Pada Tahun 1917 Mbah Tirtokromo wafat dan dimakamkan di dusun Tumpakmiri, dan pada tahun akhir 1920 Mbah Tukang wafat yang di makamkan di Desa Ngungkung Talun Kabupaten Blitar. Pada tahun 1901 pembukaan hutan dilanjutkan berkembang ke daerah utara yang dipimpin oleh mbah Djojokarto alias Mbah Djojokromo berasal dari Wonogiri (Jawa Tengah) yang sekarang menjadi Dusun Kedungwaru.

Pada tahun 1905 terjadi pula pembukaan Hutan yang Dipimpin oleh Mbah Kyai Pon berasal dari Magetan (Kedu). Menurut kata Narasumber di tempat ini dahulu banyak ditanam Cabai yang bentuknya Kecil-kecil dan disebut Cabai Belis, sehingga tempat ini dinamakan Sumberbelis dan tempat ini terkenal angker dan gawat untuk selanjutnya di kenal nama Sumbertimo karena pada waktu itu banyak ditemui Pohon Timo, yang sekarang sebagai Dusun Krajan.

Dari tahun ke tahun berkembang lagi ke sebelah timur yang dirintis oleh Mbah Prodjojo dan Mbah Nojosemito yang berasal dari Mataram, oleh karena itu tempat ini diberi nama Dusun Mentaraman.     Kemudian untuk memperluas daerah, penduduk Mentaraman membuka Hutan lagi disebelah barat tetapi pada waktu itu harus mengajukan Surat Permohonan atau Rekes ke Pemerintah Belanda, akhirnya pembukaan baru di sebut Rekesan (Sekitar Jeding sekarang). Tetapi nama ini kurang popular (dikenal) di Masyarakat, dan kedua perintis ini wafat di dusun Mentaraman.

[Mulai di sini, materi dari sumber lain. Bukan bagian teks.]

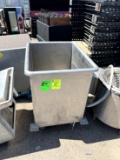 Stainless Bin on Casters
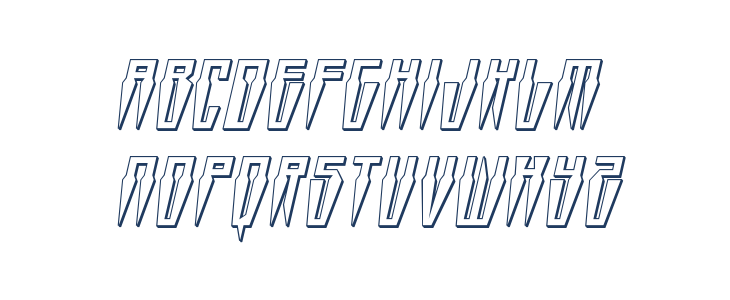 Swordtooth 3D Italic Lowercase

Kemudian pembukaan Hutan yang terakhir pada Tahun 1920 yang dipimpin oleh Mbah Citro Sumadi, ia berasal dari anggota kelompok Mbah Djojokarto di Kedungwaru, ia pergi membuka Hutan di wilayah baru, yaitu disekitar Sumber Blandong sekarang. Dikatakan Sumber Blandong sebab pada waktu itu  Mbah Citro membuat Blandong (Padasan) dari kayu dan diletakkan di dekat Sumber Mata Air, itulah riwayat Sumber Blandong. Tempat baru itu di sebut Sidodadi yang sebelumnya bernama Babatan. Nama Sidodadi di samping memang nama Perintisnya Mbah Madi juga mempunyai maksud menjadi Dukuh baru yang perangkatnya sama seperti Dusun-dusun yang lain.

Menurut Narasumber daerah Arjosari ini dulu dibawah Pemerintahan Desa Pangganglele yang sekarang Desa Arjowilangun, yang luas daerahnya sampai di tepi sungai Brantas. Pada waktu itu keadaan jalan masih sulit ditempuh, hanya bisa ditempuh dengan jalan kaki atau berkuda.

Sampai Tahun 1901 masih bersetatus pedukuhan yang dipimpin oleh Kamituwo(Kepala Dusun) terdiri dari kampung Sumbertimo dan Kedungwaru masih termasuk ke dalam Desa Pangganglele yang sekarang menjadi Desa Arjowilangun. Kamituwo yang pertama adalah Mbah Dremo lalu Pak Pijo selama 2 Tahun, dan diganti oleh Mbah Singowarso (Pak Ti) selama 3 tahun.

Baru pada Tahun 1905 terjadi Pemekaran Baru menjadi Desa Arjowilangun dan Desa Arjosari.